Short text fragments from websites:
--- START ---

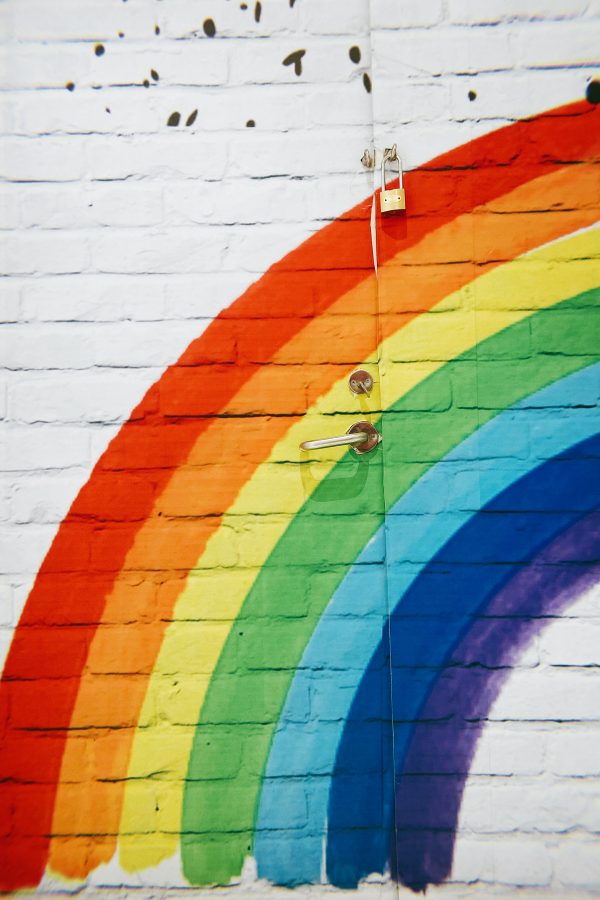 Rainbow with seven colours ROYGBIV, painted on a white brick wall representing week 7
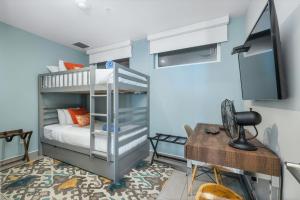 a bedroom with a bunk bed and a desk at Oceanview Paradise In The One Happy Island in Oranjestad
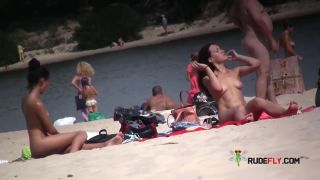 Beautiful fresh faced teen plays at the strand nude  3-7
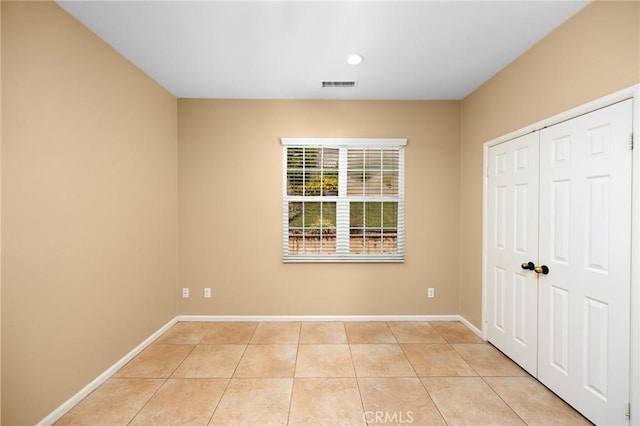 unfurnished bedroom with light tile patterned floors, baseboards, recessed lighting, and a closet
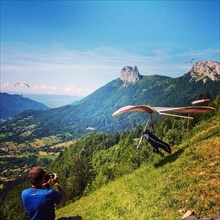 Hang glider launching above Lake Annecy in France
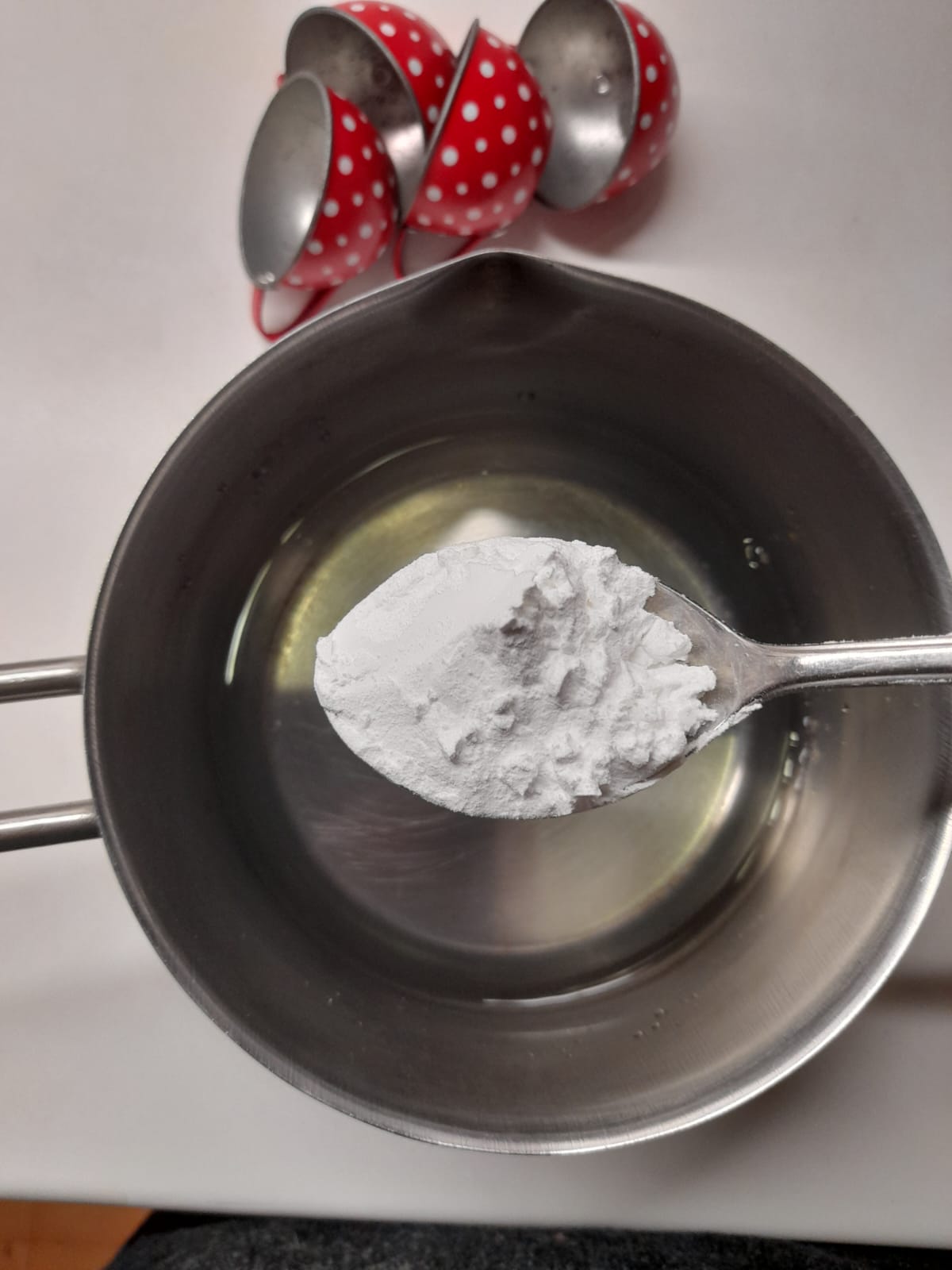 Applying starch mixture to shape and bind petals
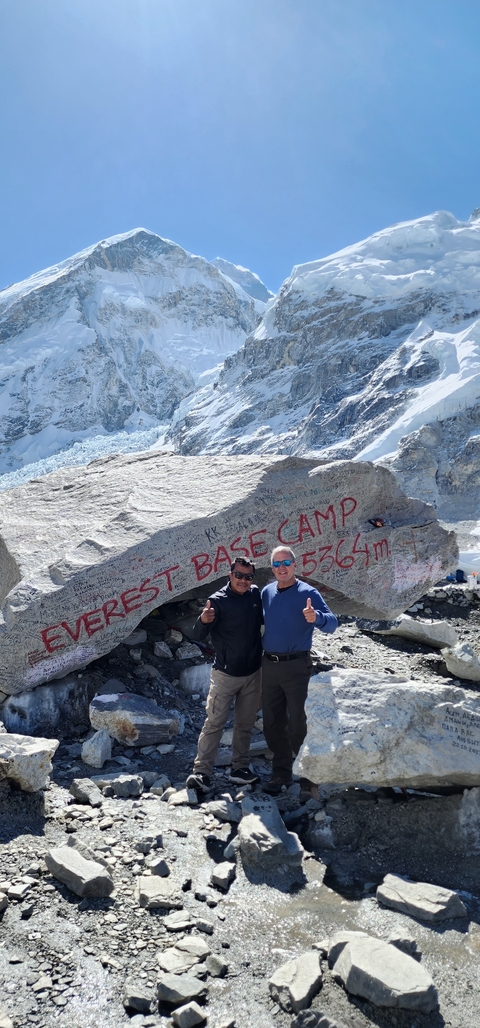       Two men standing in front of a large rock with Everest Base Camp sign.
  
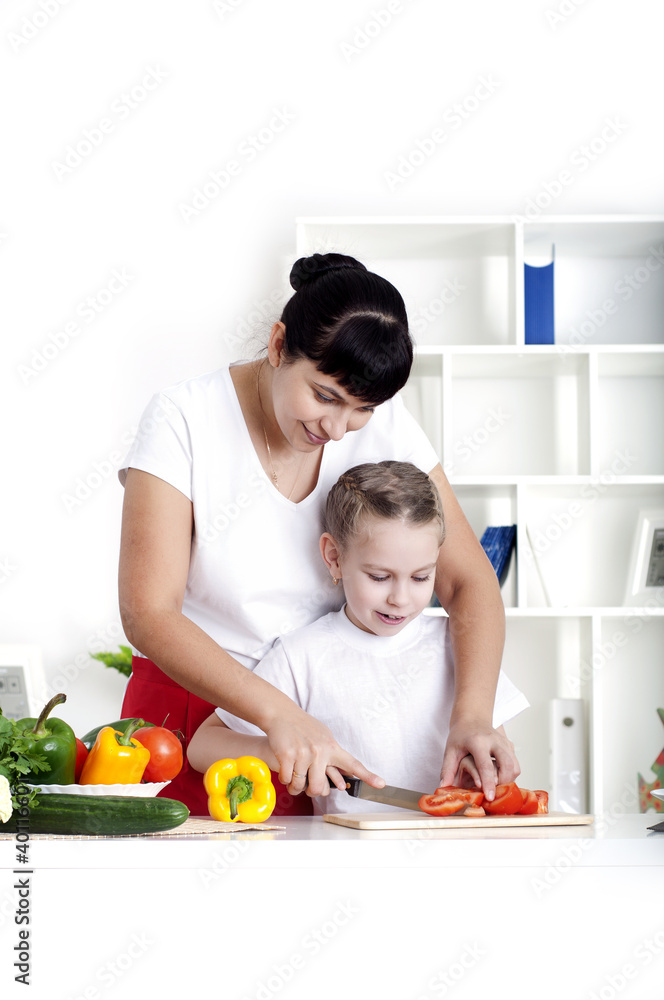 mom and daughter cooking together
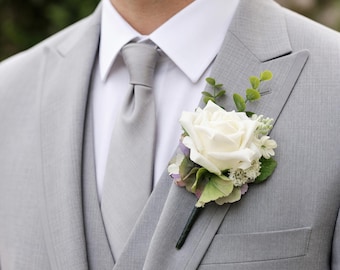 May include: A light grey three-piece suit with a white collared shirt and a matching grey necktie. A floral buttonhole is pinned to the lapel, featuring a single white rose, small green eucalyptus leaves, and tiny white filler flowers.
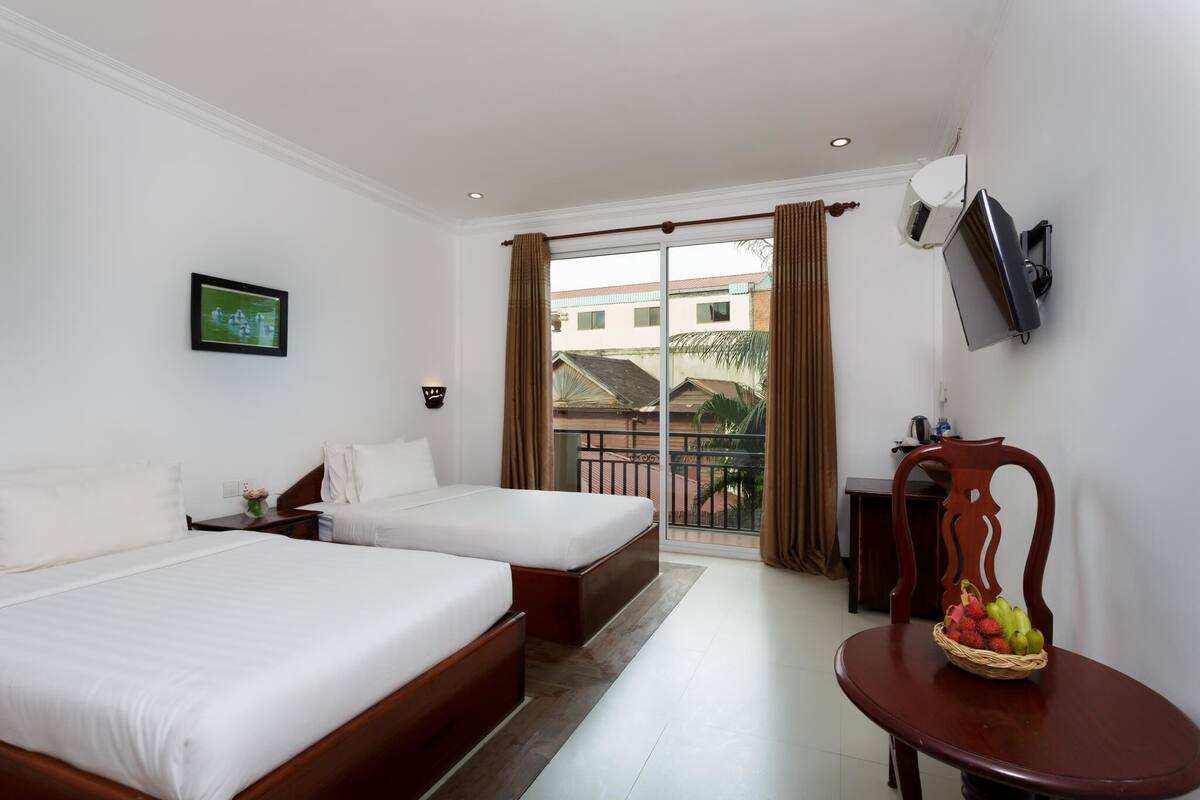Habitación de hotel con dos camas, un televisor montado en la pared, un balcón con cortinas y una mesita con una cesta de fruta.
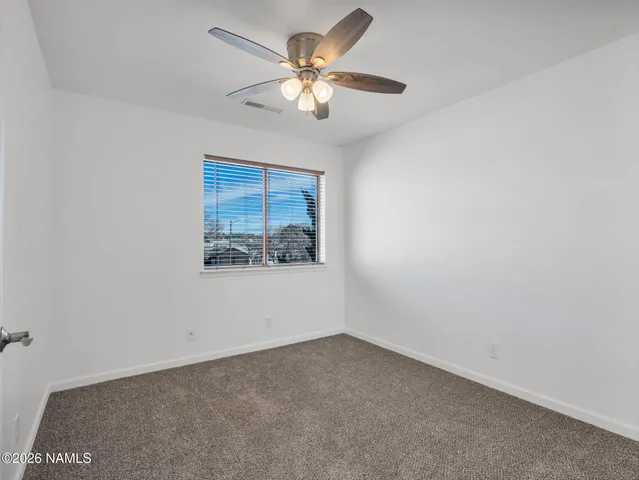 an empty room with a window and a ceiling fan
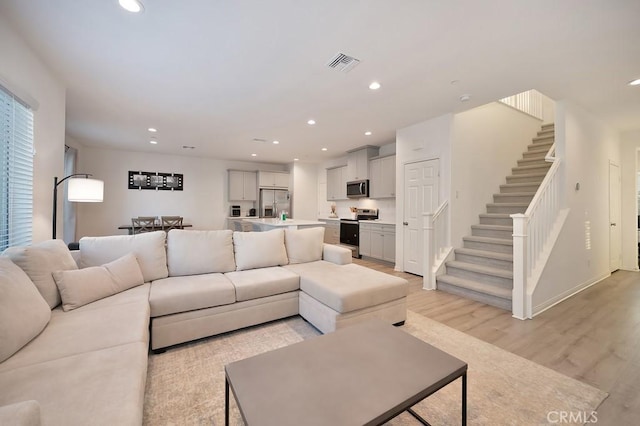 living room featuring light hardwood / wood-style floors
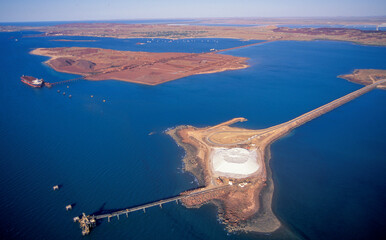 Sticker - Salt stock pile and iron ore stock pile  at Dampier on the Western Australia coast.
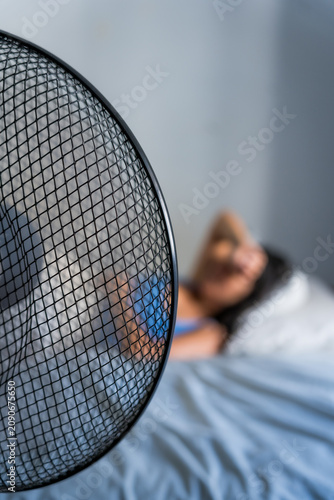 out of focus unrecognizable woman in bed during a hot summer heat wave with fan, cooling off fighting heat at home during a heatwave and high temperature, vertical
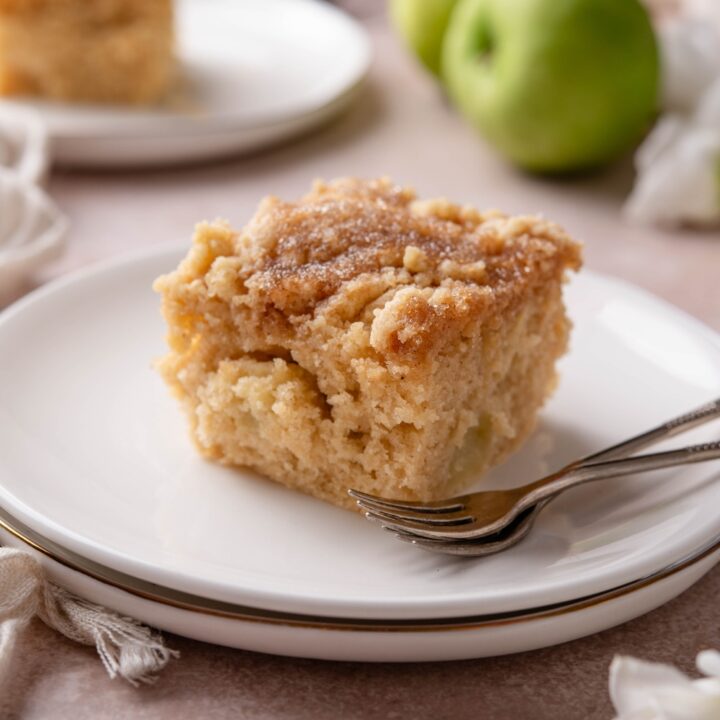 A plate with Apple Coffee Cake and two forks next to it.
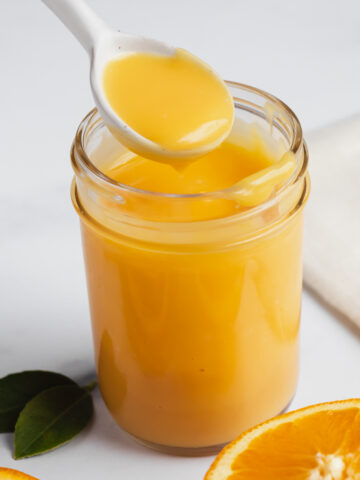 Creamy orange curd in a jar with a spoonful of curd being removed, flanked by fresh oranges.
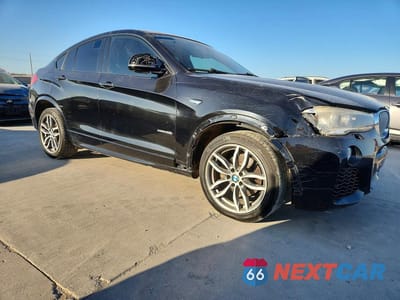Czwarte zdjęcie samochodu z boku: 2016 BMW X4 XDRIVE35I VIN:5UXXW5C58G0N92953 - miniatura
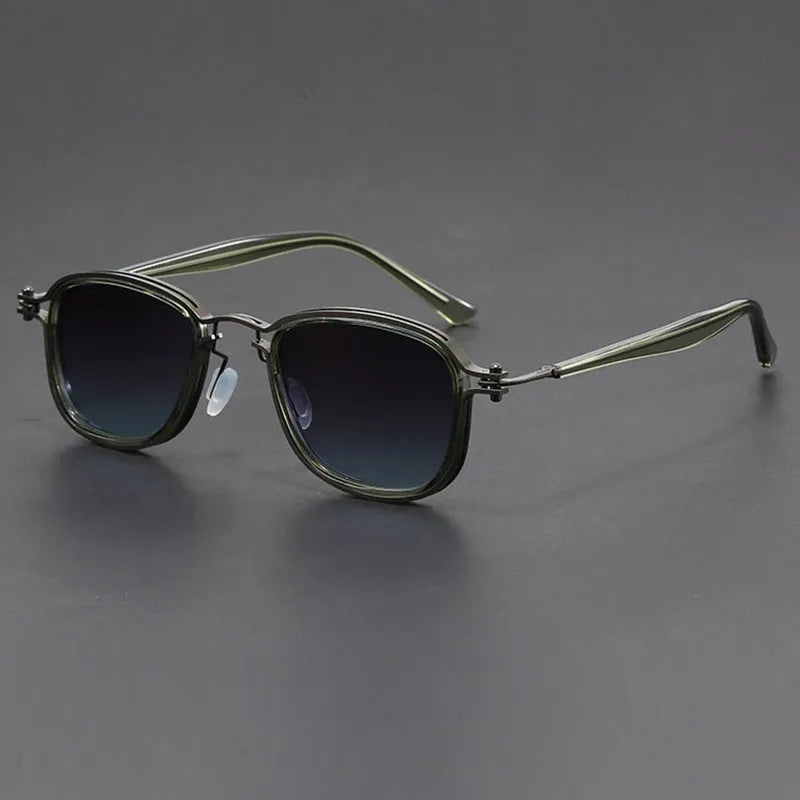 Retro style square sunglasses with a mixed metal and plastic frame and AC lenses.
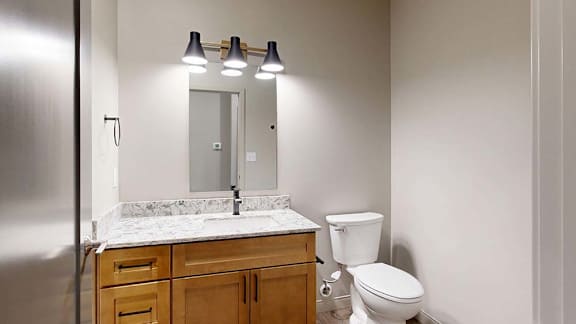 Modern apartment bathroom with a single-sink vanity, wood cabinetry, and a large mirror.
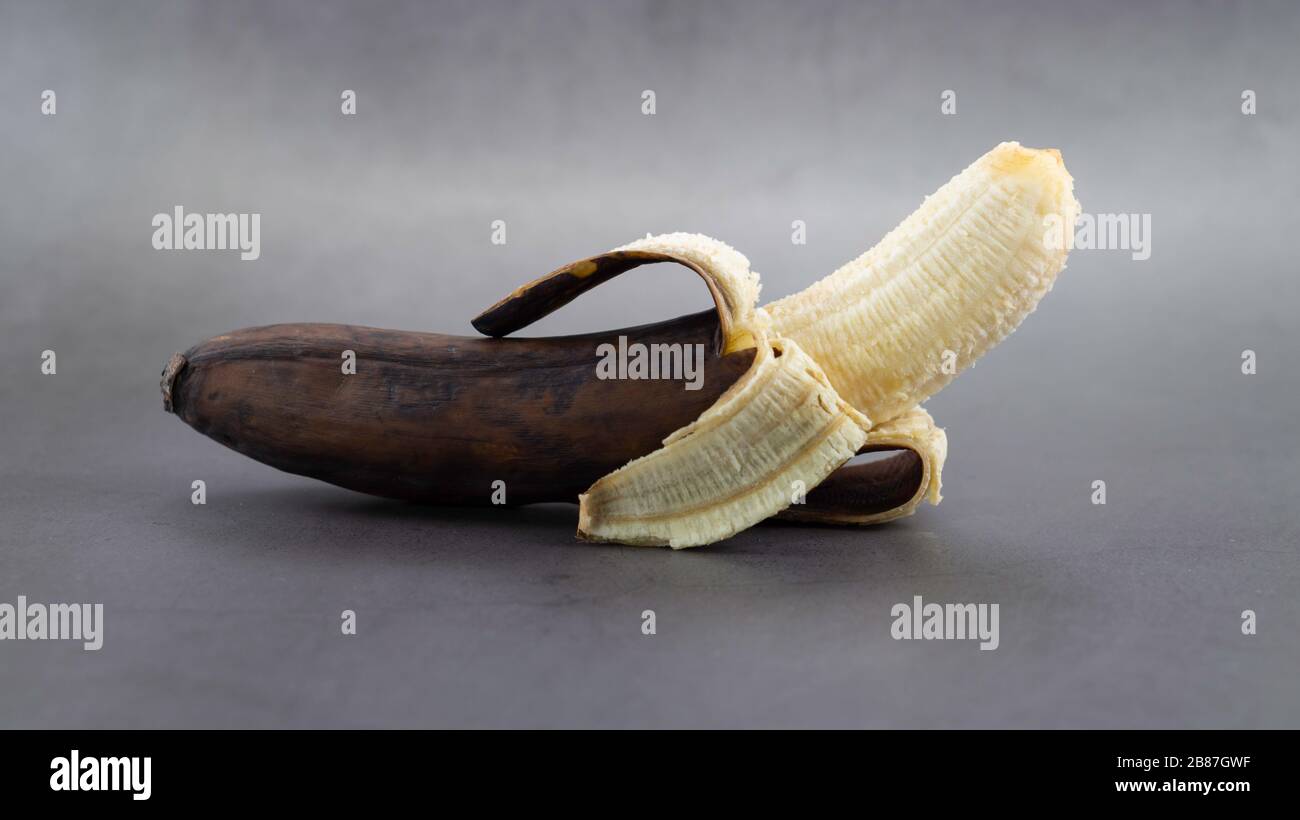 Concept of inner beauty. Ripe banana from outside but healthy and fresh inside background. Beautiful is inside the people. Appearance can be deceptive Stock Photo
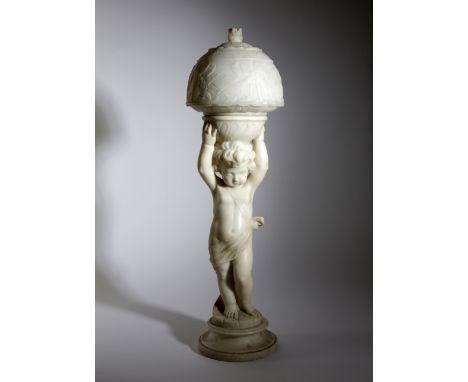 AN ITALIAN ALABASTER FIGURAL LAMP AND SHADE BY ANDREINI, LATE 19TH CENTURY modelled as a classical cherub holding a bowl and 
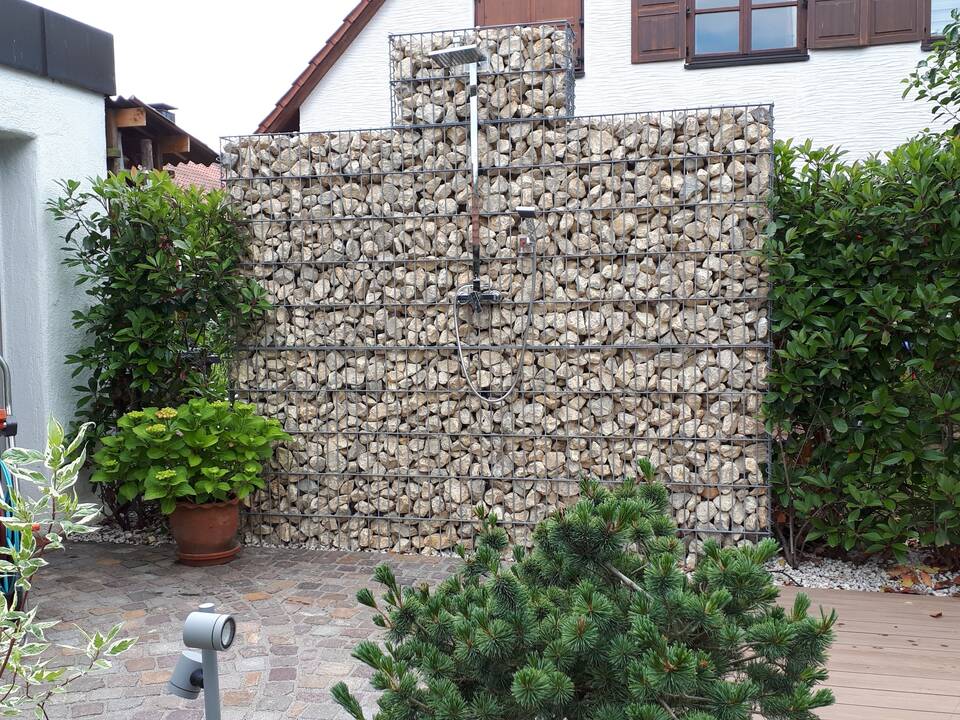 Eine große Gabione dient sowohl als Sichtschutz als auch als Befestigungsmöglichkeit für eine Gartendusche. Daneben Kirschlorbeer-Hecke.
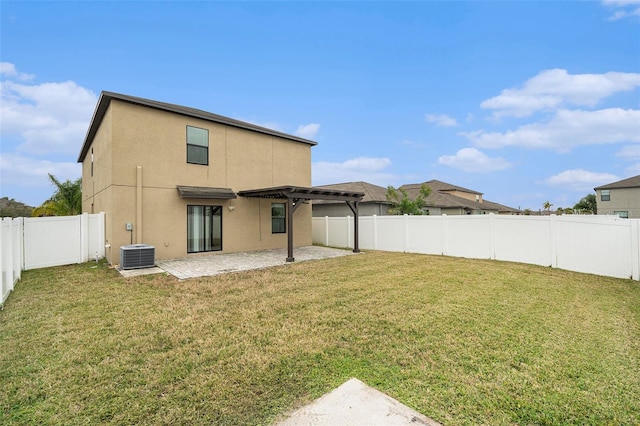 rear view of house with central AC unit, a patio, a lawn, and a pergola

--- END ---

THE TASK:
When you reach the line that contains "Eine große Gabione" in the records above, copy it and every line after it exactly through the last one, leaving out the pictures.

SOLVED PROBLEM:
 Eine große Gabione dient sowohl als Sichtschutz als auch als Befestigungsmöglichkeit für eine Gartendusche. Daneben Kirschlorbeer-Hecke.
 rear view of house with central AC unit, a patio, a lawn, and a pergola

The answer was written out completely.